* **Exercise details**: The entries that follow need to be reproduced exactly, minus any images.

* **Given data**:
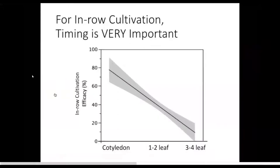More important than the tool setup is the timing for in-row cultivation. Even if you're just using sweeps and trying to throw some soil in that in-row zone, you really have to be targeting those in-row weeds at the cotyledon stage — less than one inch tall is when they're most susceptible to in-row cultivation. Any later than that and your effectiveness really drops quickly.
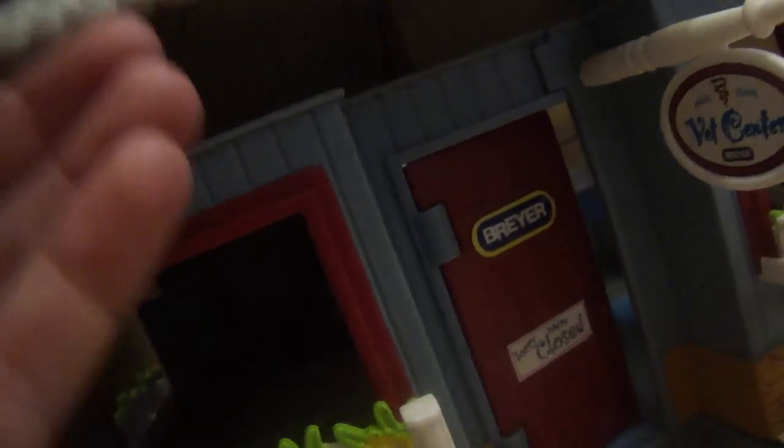We are going to start at the Veterinarian Center, but it is closed right now. Inside we have blankets, Elizabeth, a little stretcher, some medical supplies, and a back door.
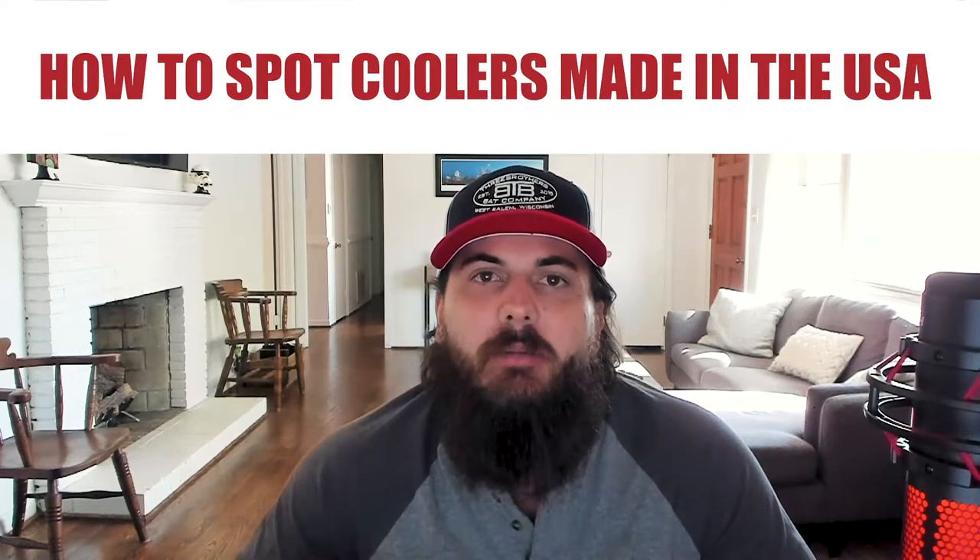First up, let's cover how to spot which coolers are made in the USA. We found over 50 cooler brands in our research, and not all of those are made in the USA, so we whittled down our list to the ones that are. They love to use made in the USA language in their marketing, but not all of them are actually assembling and sourcing all of their materials from the United States.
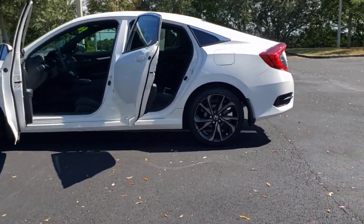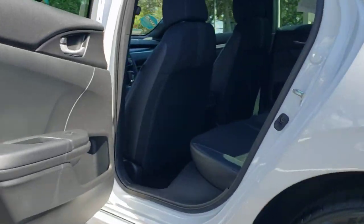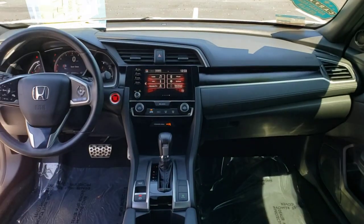These are just some of the great options this vehicle comes with: keyless entry, backup camera, lane-keeping assist, fog lamps, keyless start, remote engine start, adaptive cruise control, Bluetooth connection, steering wheel audio controls, aluminum wheels.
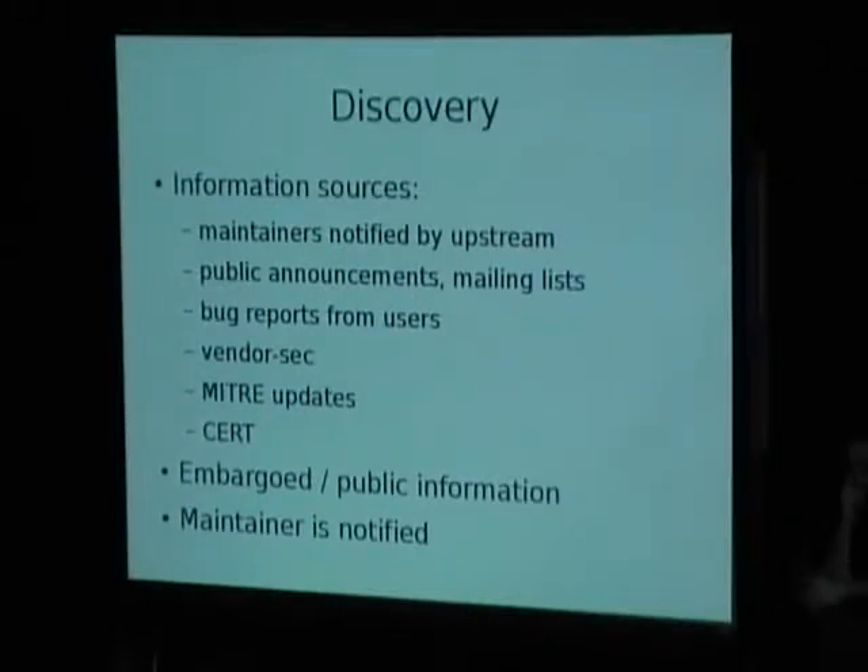We'll start with the typical kind of workflow a security problem goes through, and afterwards I'll raise some issues where Debian can improve, either on technical sides or procedural sides. We'll start with the discovery of the security problem. Security information reaches us through many different information sources. In many cases it's one of the maintainers notified by upstream — I think this is about one-fifth of all cases, though I haven't made exact statistics about that.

* **Solution for this problem**:
More important than the tool setup is the timing for in-row cultivation. Even if you're just using sweeps and trying to throw some soil in that in-row zone, you really have to be targeting those in-row weeds at the cotyledon stage — less than one inch tall is when they're most susceptible to in-row cultivation. Any later than that and your effectiveness really drops quickly.
We are going to start at the Veterinarian Center, but it is closed right now. Inside we have blankets, Elizabeth, a little stretcher, some medical supplies, and a back door.
First up, let's cover how to spot which coolers are made in the USA. We found over 50 cooler brands in our research, and not all of those are made in the USA, so we whittled down our list to the ones that are. They love to use made in the USA language in their marketing, but not all of them are actually assembling and sourcing all of their materials from the United States.
These are just some of the great options this vehicle comes with: keyless entry, backup camera, lane-keeping assist, fog lamps, keyless start, remote engine start, adaptive cruise control, Bluetooth connection, steering wheel audio controls, aluminum wheels.
We'll start with the typical kind of workflow a security problem goes through, and afterwards I'll raise some issues where Debian can improve, either on technical sides or procedural sides. We'll start with the discovery of the security problem. Security information reaches us through many different information sources. In many cases it's one of the maintainers notified by upstream — I think this is about one-fifth of all cases, though I haven't made exact statistics about that.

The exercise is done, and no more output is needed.